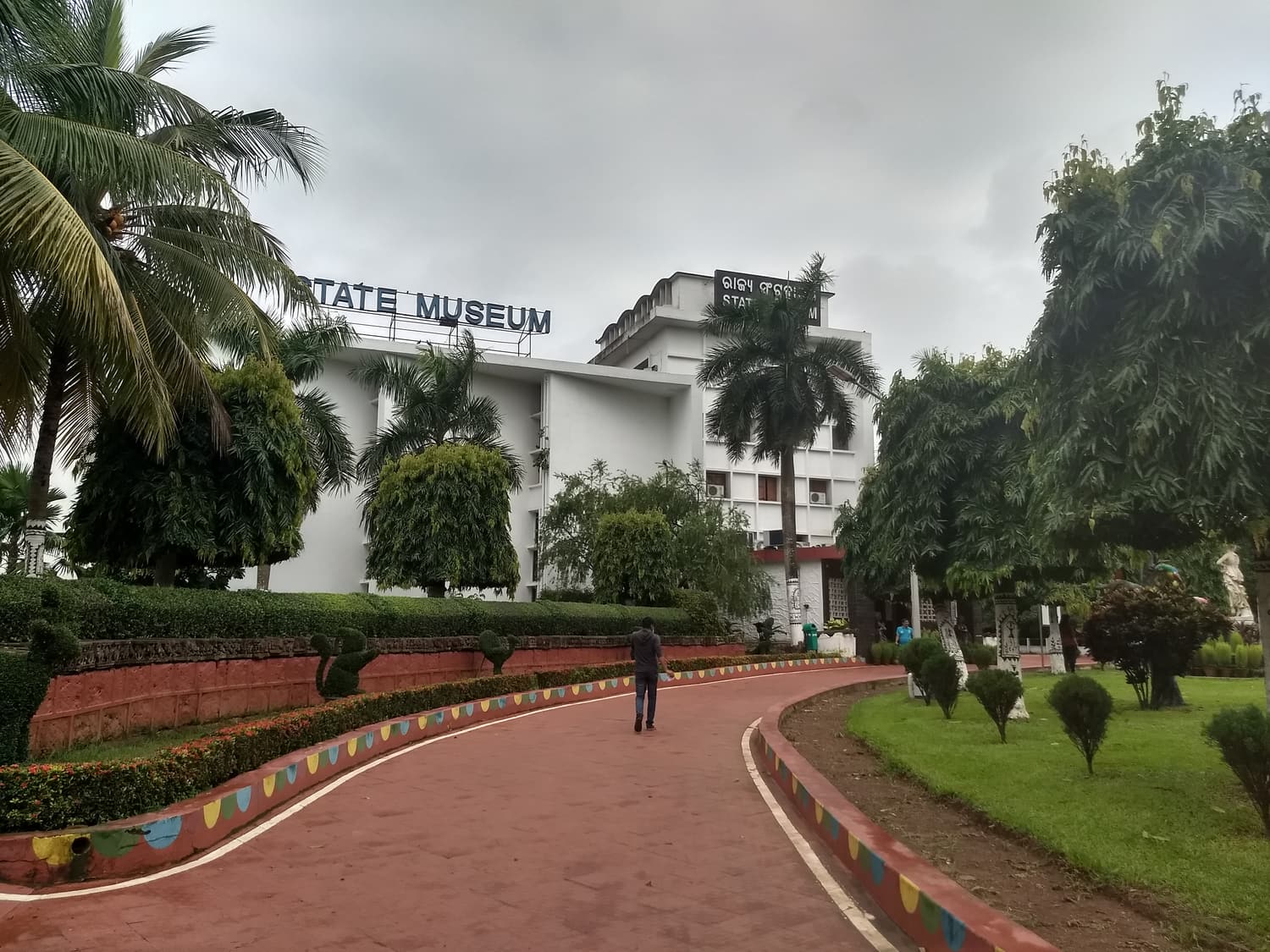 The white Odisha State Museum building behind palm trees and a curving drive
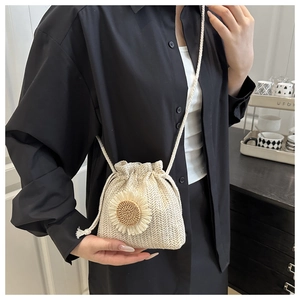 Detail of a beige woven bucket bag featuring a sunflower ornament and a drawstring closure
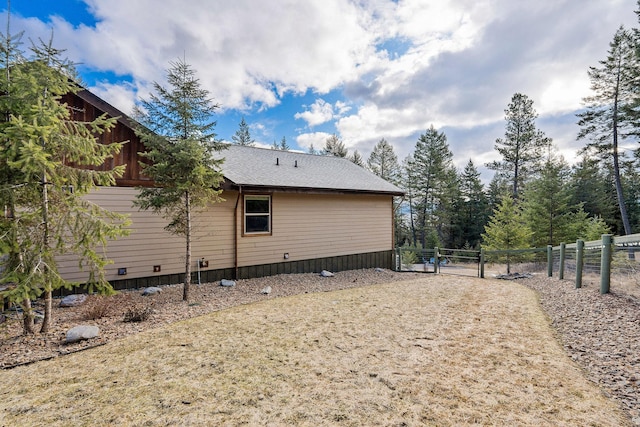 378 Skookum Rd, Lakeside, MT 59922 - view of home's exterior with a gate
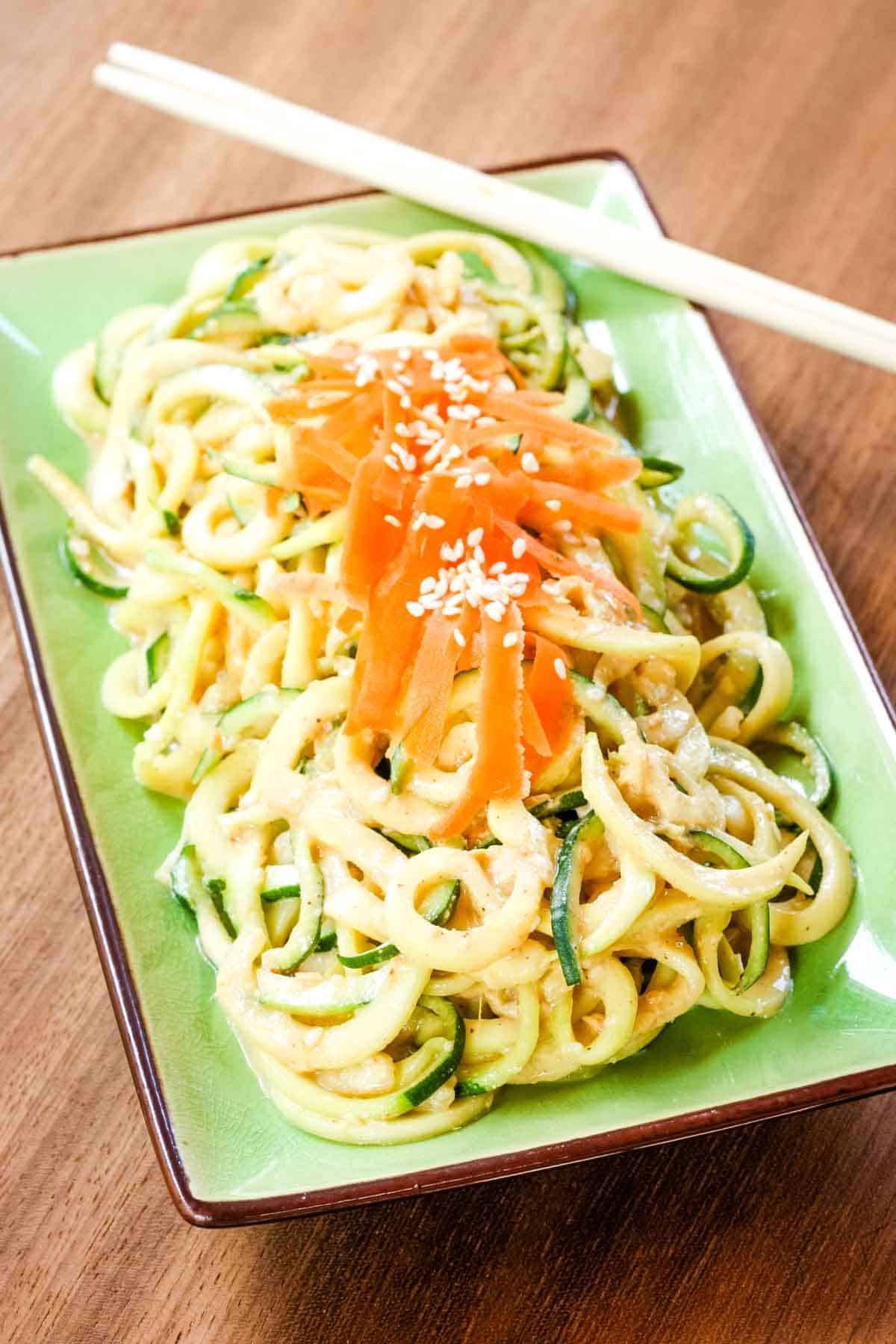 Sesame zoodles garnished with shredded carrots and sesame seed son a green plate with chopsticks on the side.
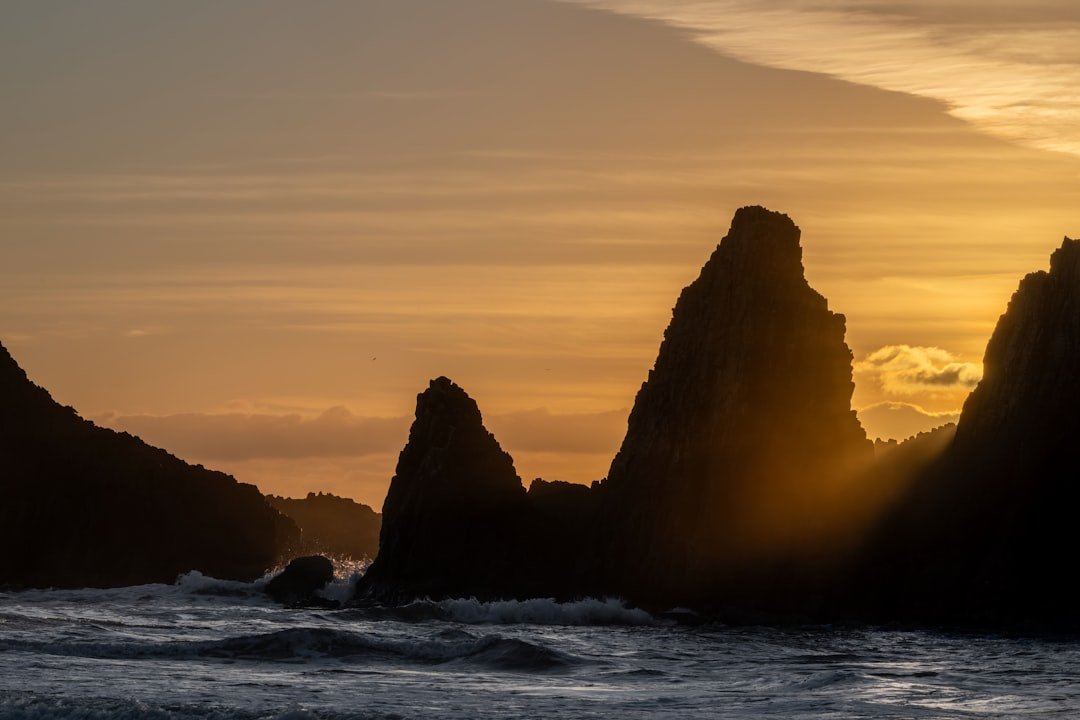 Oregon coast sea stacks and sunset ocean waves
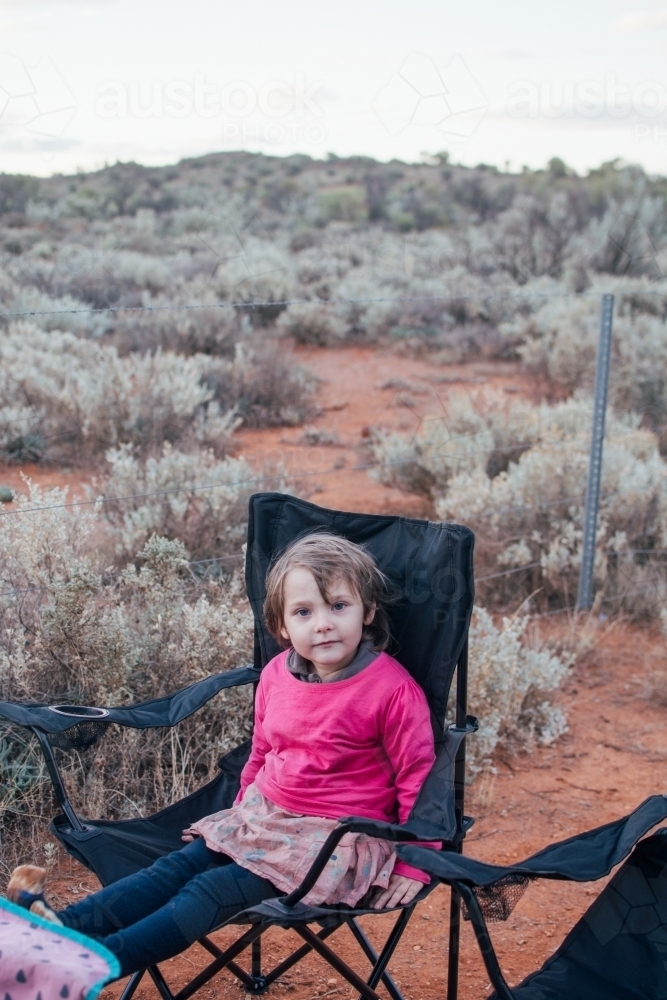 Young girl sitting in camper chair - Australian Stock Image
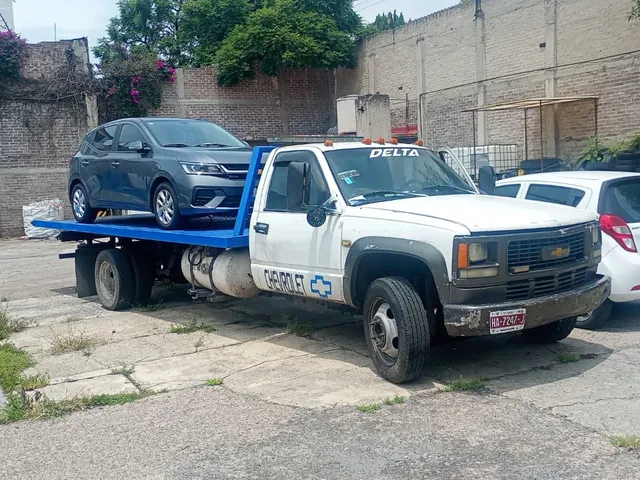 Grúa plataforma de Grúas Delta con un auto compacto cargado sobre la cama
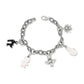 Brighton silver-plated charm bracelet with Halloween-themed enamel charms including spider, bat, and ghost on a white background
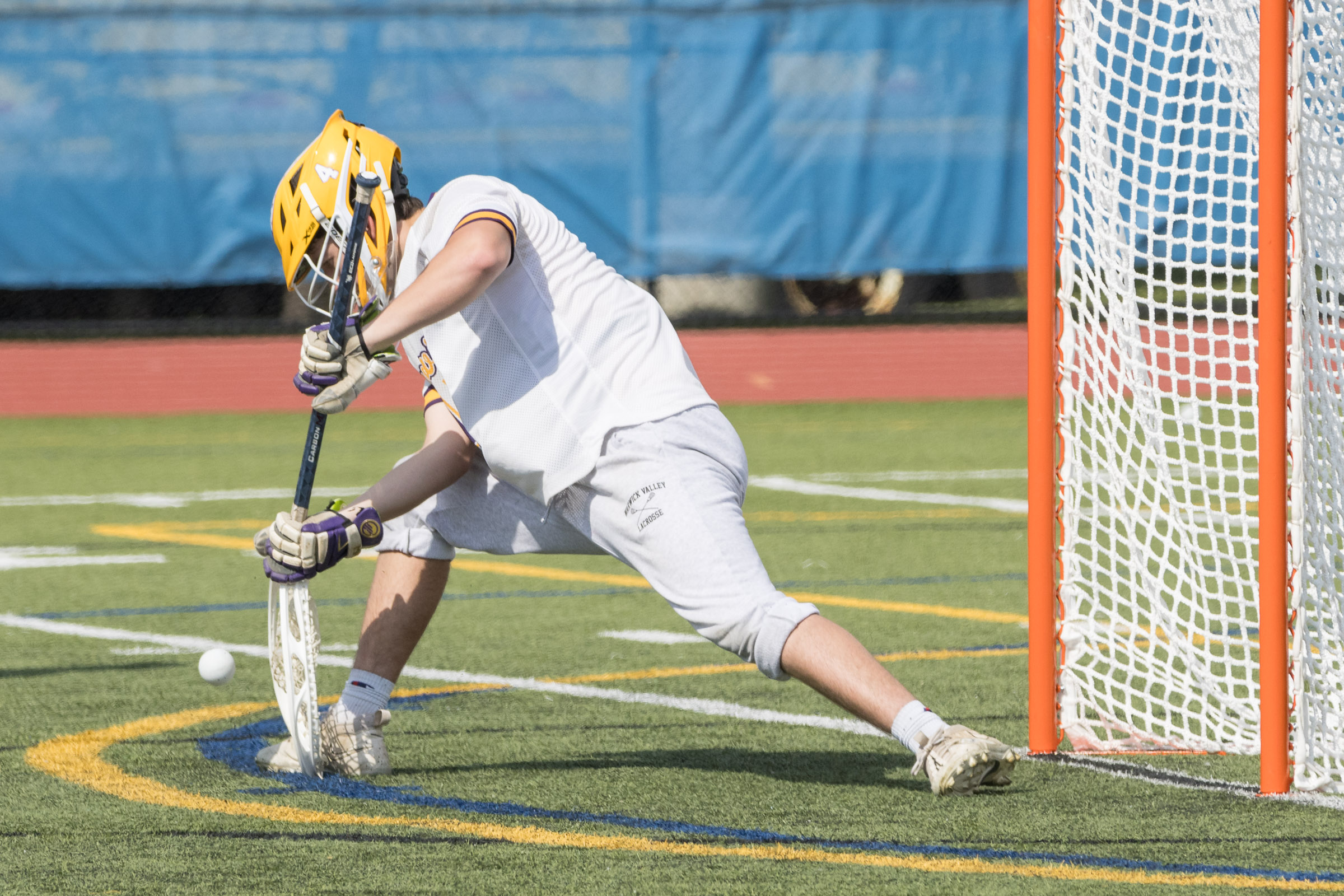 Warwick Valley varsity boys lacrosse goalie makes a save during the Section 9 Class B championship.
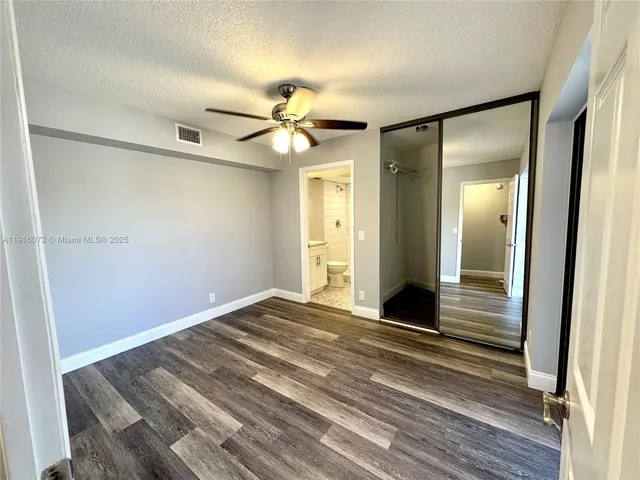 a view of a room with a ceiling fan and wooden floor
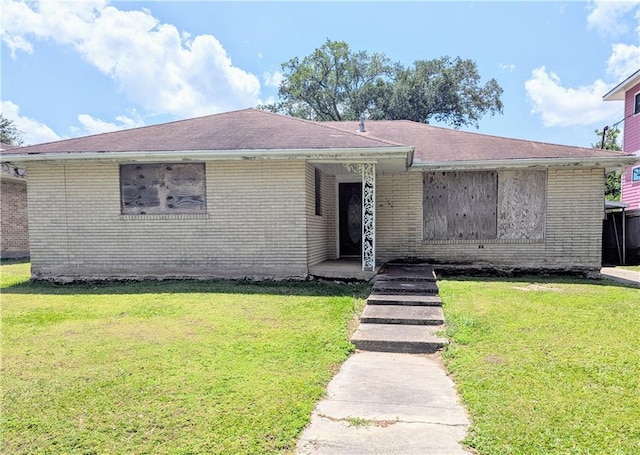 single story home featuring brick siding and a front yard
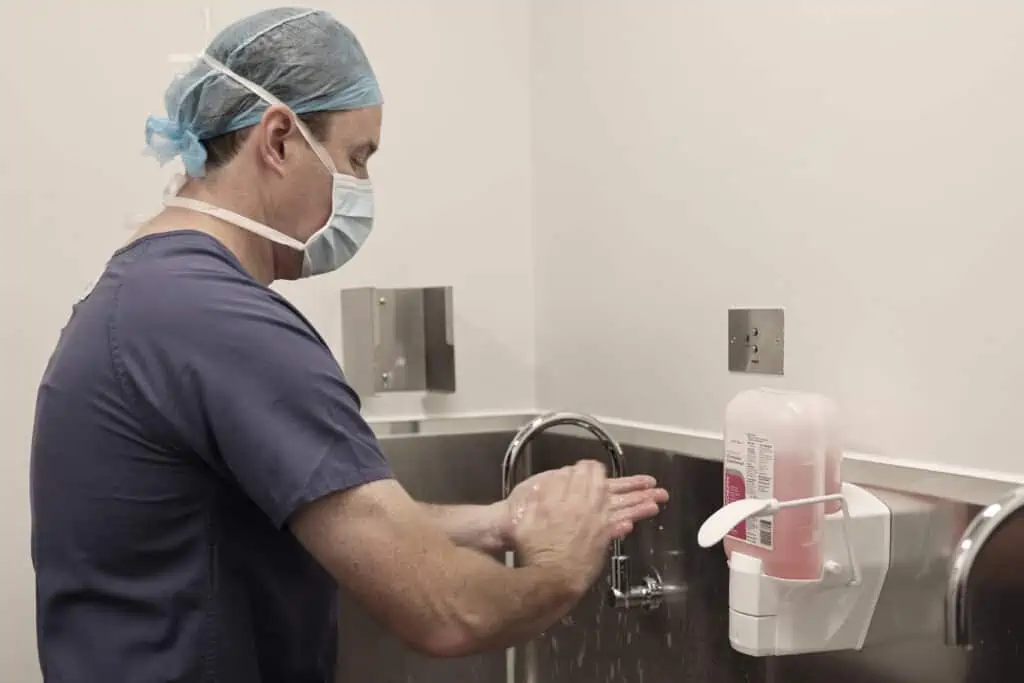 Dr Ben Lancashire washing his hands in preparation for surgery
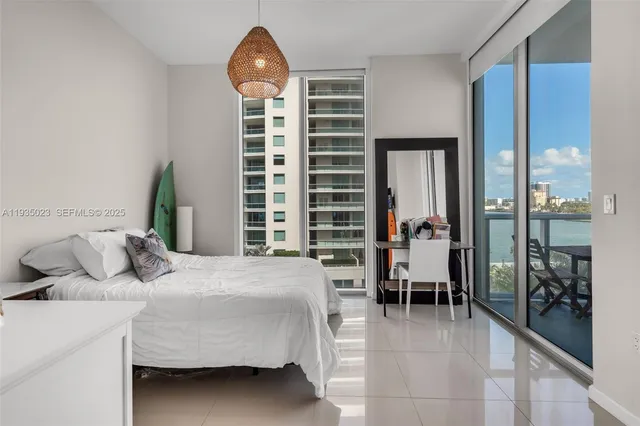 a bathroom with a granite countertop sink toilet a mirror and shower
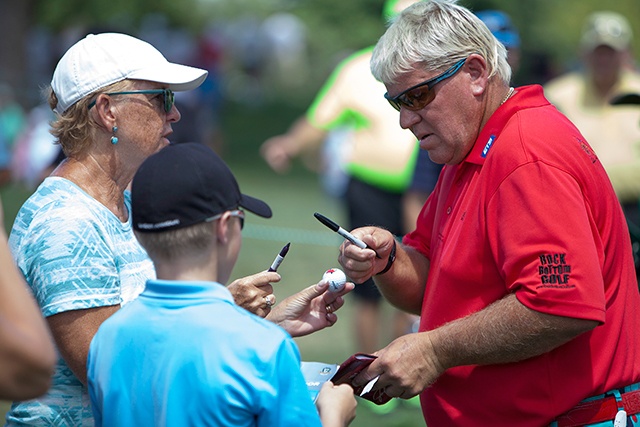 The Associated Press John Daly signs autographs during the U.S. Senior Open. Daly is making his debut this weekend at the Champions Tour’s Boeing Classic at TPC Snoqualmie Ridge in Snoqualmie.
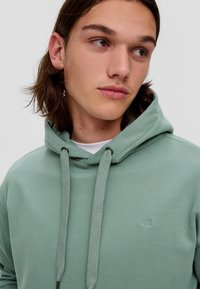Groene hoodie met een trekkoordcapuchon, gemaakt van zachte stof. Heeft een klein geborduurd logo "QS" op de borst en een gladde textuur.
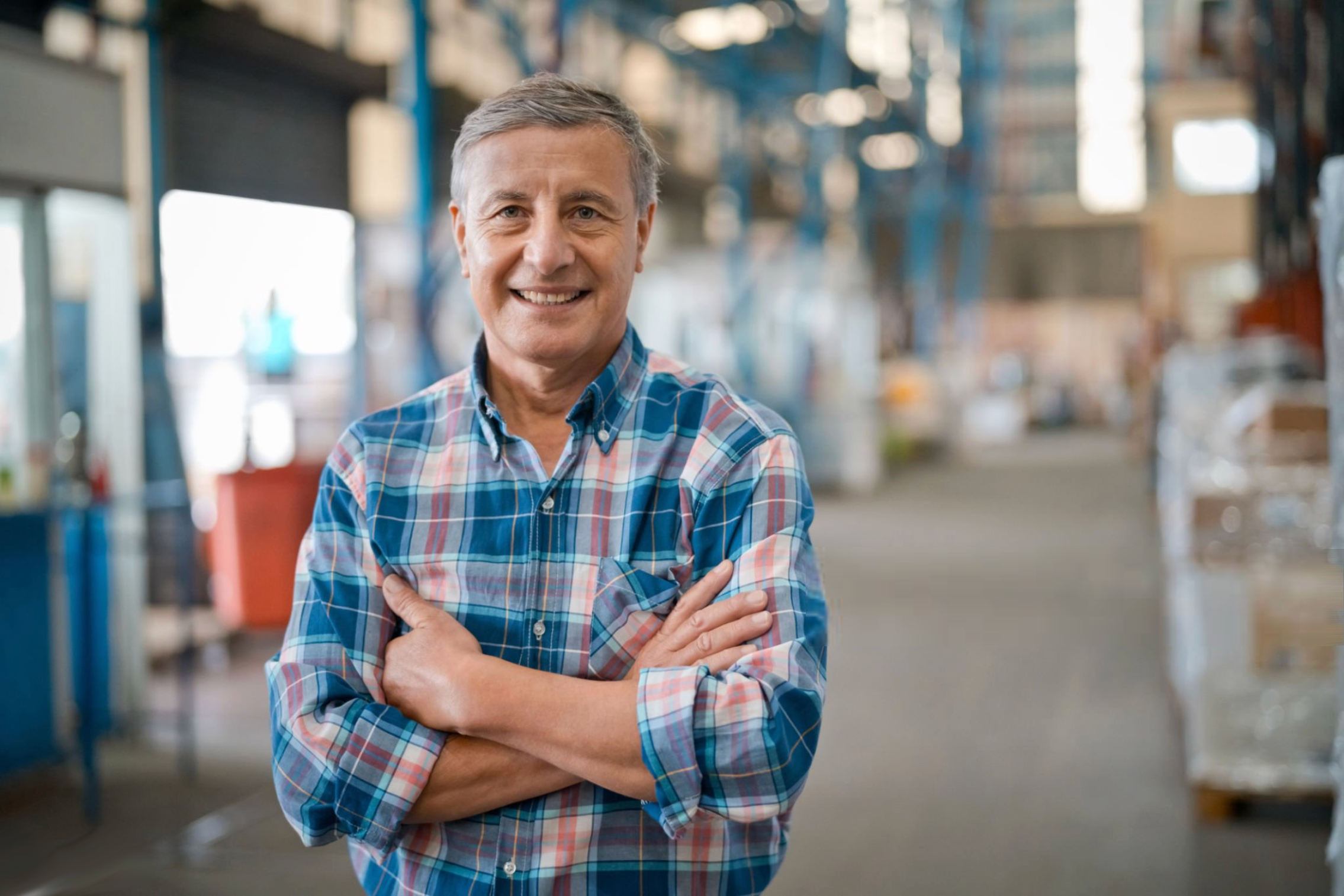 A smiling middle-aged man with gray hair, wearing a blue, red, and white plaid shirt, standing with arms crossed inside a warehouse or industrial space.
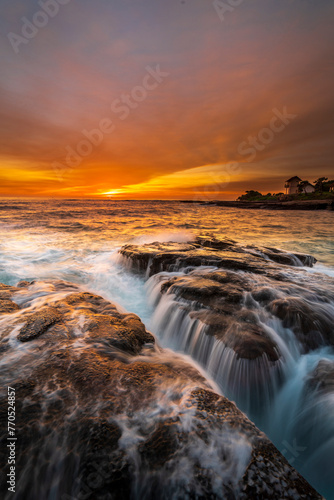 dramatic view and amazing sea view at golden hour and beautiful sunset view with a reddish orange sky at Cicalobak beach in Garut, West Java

---+---

_WHAT TO DO_:
The lines above starting at the one that holds "Grúa plataforma de" and ending at the one that holds "The Associated Press" are to be written out exactly, ends included, and no pictures are to be copied.

_YOUR RESPONSE_:
 Grúa plataforma de Grúas Delta con un auto compacto cargado sobre la cama
 Brighton silver-plated charm bracelet with Halloween-themed enamel charms including spider, bat, and ghost on a white background
 Warwick Valley varsity boys lacrosse goalie makes a save during the Section 9 Class B championship.
 a view of a room with a ceiling fan and wooden floor
 single story home featuring brick siding and a front yard
 Dr Ben Lancashire washing his hands in preparation for surgery
 a bathroom with a granite countertop sink toilet a mirror and shower
 The Associated Press John Daly signs autographs during the U.S. Senior Open. Daly is making his debut this weekend at the Champions Tour’s Boeing Classic at TPC Snoqualmie Ridge in Snoqualmie.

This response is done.